Prep the pork: Pat the tenderloins very dry with paper towels. Trim any silver skin if needed.
Dry meat browns better.
Make the marinade: In a bowl, whisk olive oil, Dijon, soy sauce, brown sugar, garlic, salt, pepper, smoked paprika, onion powder, and red pepper flakes.
Coat and rest: Rub the mixture evenly over both tenderloins. Let sit at room temperature for 20–30 minutes. This takes the chill off and helps tenderness.
Preheat and set up: Heat the oven to 400°F (204°C).
Place a heavy oven-safe skillet (cast iron works great) on the stove over medium-high heat.

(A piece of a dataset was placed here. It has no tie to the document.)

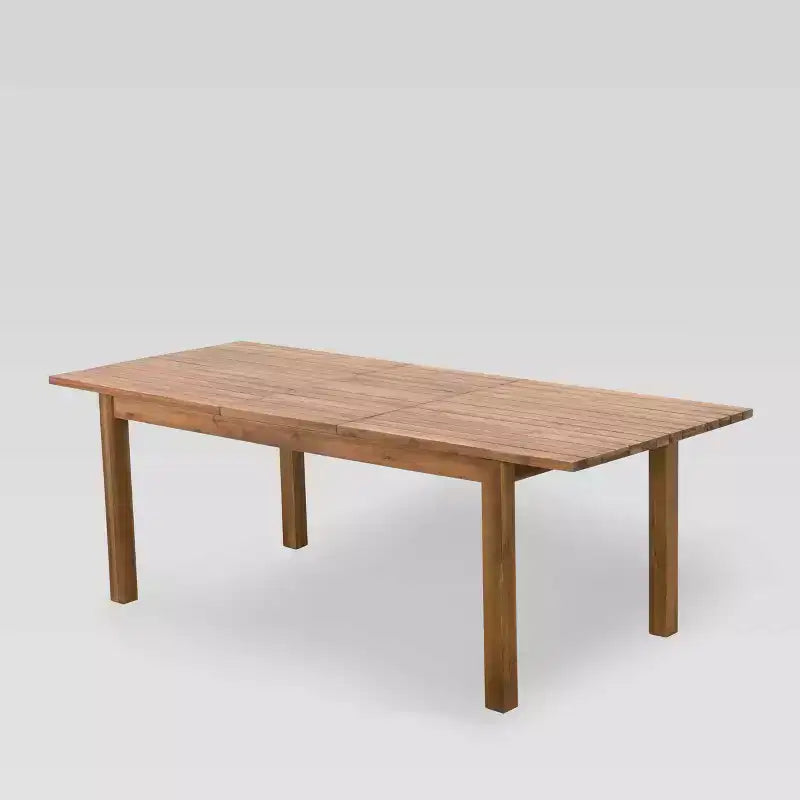 Ensemble de salle à manger Wilson 9 pièces en bois d'acacia avec table extensible - Teck - Christopher Knight Home : Résistant aux intempéries, ensemble de patio 8 places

Sear the pork: Add a thin film of olive oil to the hot skillet. Sear the tenderloins 1–2 minutes per side until well browned all over. Don’t rush the browning.
Roast to temperature: If using herbs, tuck a few sprigs into the skillet.

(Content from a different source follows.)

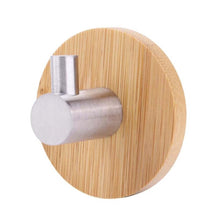 Load image into Gallery viewer, Adhesive Natural Bamboo Stainless Steel Hook Wall Clothes Bag Headphone Key Hanger Kitchen Bathroom Door Towel Rustproof Shelf - jnpworldwide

Transfer the skillet to the oven and roast 10–15 minutes, or until the thickest part hits 140–145°F on an instant-read thermometer.
Rest properly: Move the pork to a cutting board and tent loosely with foil. Rest for 10 minutes. The temperature will rise a few degrees and the juices will redistribute.
Optional butter baste: While resting, melt 1 tablespoon butter in the hot skillet over low heat, scraping up any browned bits.
Spoon this over sliced pork for extra richness.
Slice and serve: Slice against the grain into 1/2-inch medallions. Finish with a squeeze of lemon if you like. Serve with your favorite sides.